Chapitre 319

Während der gesamten Reise sprachen sie Feng Zixiao alle als Jungmeister Feng an, erstens weil er zu diesem Zeitpunkt nicht Kaiser der Großen Zhou-Dynastie war, und zweitens, um seine wahre Identität nicht preiszugeben, verwendeten sie diese Anredeform.

Hai Ling war überrascht und fragte sich, warum Feng Zixiao sie so spät noch sehen wollte. Sie stand auf, ging hinüber, sah Feng Zixiao vor der Tür an und sprach ruhig.

"Gibt es etwas, was Ihr benötigt, junger Meister Feng?"

Als Feng Zixiao ihren abwesenden Blick sah, überkam ihn ein Stich der Bitterkeit. Hätte er sie damals gut behandelt, wäre diese Frau heute seine Kaiserin, und all das wäre vielleicht nie geschehen. Es war alles seine Täuschung gewesen. Nun bereute er es zutiefst. Morgen würden sich ihre Wege trennen, und er sorgte sich um sie und wollte sie sehen und mit ihr sprechen. Doch als Hailing ihn ernst fragte, war es ihm peinlich, seine Sorge um sie zuzugeben, und er wechselte das Thema.

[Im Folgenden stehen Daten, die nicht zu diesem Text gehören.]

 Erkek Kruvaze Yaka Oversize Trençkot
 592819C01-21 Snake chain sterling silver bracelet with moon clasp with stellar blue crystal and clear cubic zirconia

"Ich würde gerne mit Ihnen darüber sprechen, wie wir Jiang Batian loswerden können, sobald wir in Peking sind?"

„Ach, das.“ Hai Ling wollte sagen, dass sie später darüber reden würde, aber angesichts Feng Zixiaos ernstem Gesichtsausdruck schien es ihr zu kühl, abzulehnen. Außerdem war es nur ein Gasthaus, und es gab nichts Wichtiges zu besprechen. Nach kurzem Überlegen stimmte sie zu.

"Gut."

Hai Ling antwortete und folgte zusammen mit ihren beiden Dienerinnen Shi Mei und Shi Lan Feng Zi Xiao die Treppe hinunter.

Das Gasthaus hatte einen Hinterhof, der im Moment ruhig war. Feng Zixiao und Hailing schlenderten lässig umher und unterhielten sich dabei. Die beiden Dienstmädchen Shimei und Shilan hielten Abstand, beobachteten Feng Zixiao aber aufmerksam. Sollte er unanständige Gedanken an ihren Herrn hegen, würden sie ihn nicht so schnell ungeschoren davonkommen lassen.

Im Hinterhof schlenderten ein paar Leute gemächlich umher. Hai Ling war etwas überrascht, dass Feng Zixiao sich nur nach ihrem Befinden erkundigte. War er etwa mitten in der Nacht gekommen, um nach ihr zu sehen? Bei diesem Gedanken konnte sie sich ein Wort nicht verkneifen.

"Junger Meister Feng, wollten Sie nicht etwas mit mir besprechen?"

Hailin konnte nicht anders, als zu fragen.

Feng Zixiao war verblüfft, ein Leuchten blitzte in seinen tiefen Augen auf. Er blickte zu Hai Ling auf, der zur Seite stand, öffnete den Mund, sagte aber einen Moment lang nichts.

Hailing wusste nicht, was er sagen wollte, und wartete auf seine Worte. So standen die beiden in der Nacht und sahen sich wortlos an.

In diesem Moment standen einige Leute im Schatten unweit des Gasthauses. Ihre Gesichter waren grimmig, und der Anführer wirkte besonders bedrohlich; seine Augen glühten vor immer heftiger werdendem Zorn. Er schien den Mann am liebsten in Stücke reißen und ihm bei lebendigem Leibe die Haut abziehen zu wollen. Ihm kamen sogar unanständige Gedanken. Ling'er trug sein Kind, und dieser Mann ließ nicht einmal schwangere Frauen gehen. Was wollte er nur, dass er Ling'er so spät in der Nacht hierher eingeladen hatte?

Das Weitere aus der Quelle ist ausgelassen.